What is needed is a word-for-word copy of the listing below, without pictures.

- Data below
----------

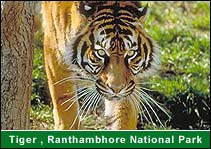 Tiger, Ranthambhore National Park, Ranthambhore Travel & Tours
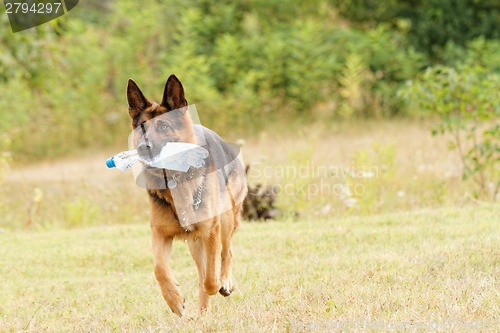 Image of German shepherd dog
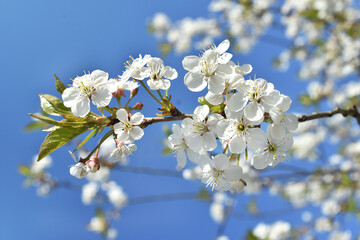 Closeup of branch with spring blossoms on blue sky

----------

- Solution to this task
 Tiger, Ranthambhore National Park, Ranthambhore Travel & Tours
 Image of German shepherd dog
 Closeup of branch with spring blossoms on blue sky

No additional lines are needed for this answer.